Last updated on: August 19, 2011 15:00 IST

'Education alone is not enough for success'


Divya Nair

Fashion Week is also about young designers who are slowly making a mark. For example, it took Vaishali Shadangale more than a decade to find her calling as a celebrity designer and she still hasn't come to terms with the celeb status.

Just when we were talking about her small town journey from Vidisha district in Madhya Pradesh, a young gentleman came to her stall and exchanged greetings.

He introduced himself as an artiste and said how much he loved her collection from last season.  "Ma'm, I was really inspired by your collection and I have made a painting for you," he said. "I don't know if you will like it, so, I will first mail you a copy. Please let me know if you like it or not."

Vaishali responded back, "Of course, I will like it. You can send it to me."

"Thank you so much m'am," he said and left.

"Wow, that was an interesting fan you earned. Are you ready to handle such attention?" I asked. "Not really. This is something new to me. I have just learnt to address the media. But I am an artiste myself and I could somehow relate to his excitement, so I would appreciate his efforts at gifting me a painting."

Needless to say, we wanted to know more about her journey so far and the designer's learnings from the industry.

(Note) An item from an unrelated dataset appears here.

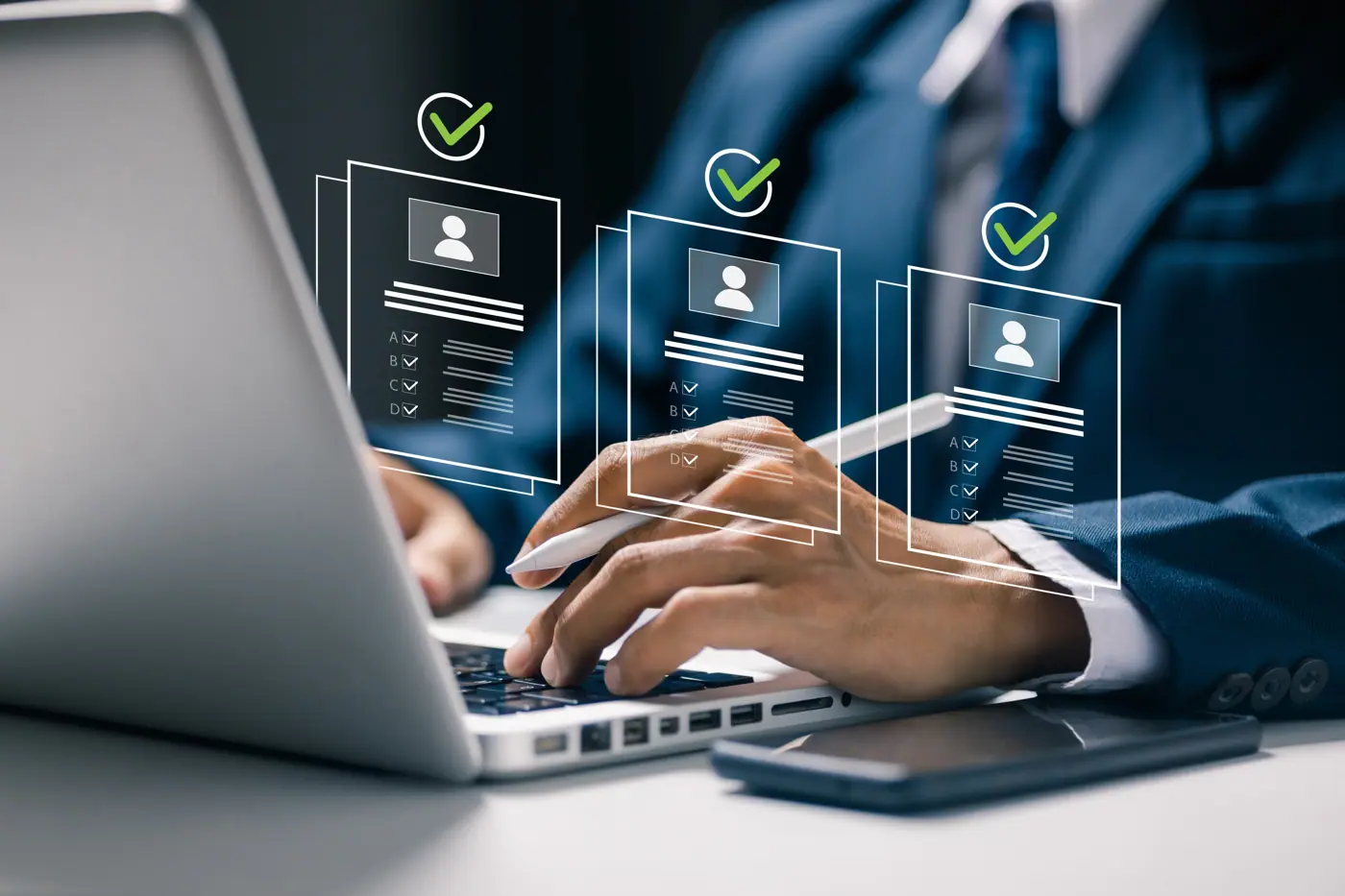 Recruiter reviewing verified candidate profiles on a laptop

So, Vaishali, could you tell us about your collection and your inspiration.

My last collection was inspired from my childhood memories. This time, I had some more mature learnings.

I realized that within me, there was a different me hidden within. One is real and the other is artificial. Like, when I am making a collection, it is me, my ideas, my expression and my imagination of art, the way it makes me happy. Similarly, when I meet clients, buyers or people in the industry, I act like a different person.

Similarly, each one of us have two different versions about us-the inner self and the outer self. My collection this season is something like that.

For example, last time my collection dealt with chanderi. This time I was intrigued by paithani. These are two entirely different forms of traditional art. I have tried to fuse the two and bring an altogether new dimension to the collection.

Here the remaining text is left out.